The 100 women stood together holding mirrors towards the Cleveland Convention Center and the Republican delegates within, including their presidential nominee, Donald Trump.
Many of the women claim they have felt targeted by Trump himself for his antagonistic comments towards women. Others spoke against Republican-led legislation attacking their bodies and rights.
However, Tunick himself has made it very clear that the artistic piece, entitled “Everything She Says Means Everything,” is not a protest but an art action.
“A protest you go in knowing that there could be confrontation, and you’re willing to sacrifice for that confrontation,” he said. “An art action is more conceptual. I’m simply making art, making a statement, and disseminating information about what happened.”

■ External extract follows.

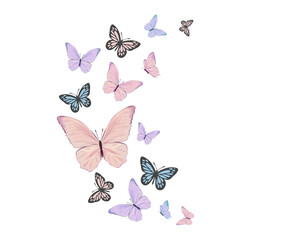 set of butterflies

Tunick says the most important piece of the art is the women and their ideas. He has been planning for three years to make this happen, long before the Republican nominee was a thought.
Prior to the event, over 1,800 women applied to be part of the project and each submitted a statement explaining why they wanted to be involved. One woman shared in the testimonial section of the artist’s website, “As a human being, I want to stand up against Trump and other Republicans whose hateful speech towards women, immigrants, LGBT people, and all ‘others’ is poisoning this nation.”
Others had different reasons, including a woman who wanted to remember her body during pregnancy and another who hoped the experience would help her heal after she was sexually assaulted, according to the Huffington Post.
One participant, a Cleveland native who normally votes Republican, was disgusted with Donald Trump’s invasion of the party, claiming he has brought bigotry to the forefront.
“There were a few people trying to scare me out of it,” she said. “A lot of people were saying, ‘My mom is going to kill me!’ But it was presented in a classy, peaceful way. Sometimes you just have to stand up for what’s right. I’m proud of what I did.”
Ultimately, Tunick shares that the project speaks to the strength of the women in each of their forms. “The mirrors communicate that we are a reflection of ourselves, each other, and of, the world that surrounds us. The woman becomes the future and the future becomes the woman.”
Tunick has created similar public art installations in eight other countries. For the Cleveland piece, he wanted to show that, though they are central to campaign issues, there is nothing inherently controversial about women’s bodies.
Furthermore, a woman’s naked body should not be presumed sexualized, objectified, or prohibited by outside forces, but natural and empowering. The action conveyed each woman’s messages to the Republican National Convention through their willingness to escape their comfort zones. These messages became one when they stood together and expressed that their bodies matter just as much as their voices and actions.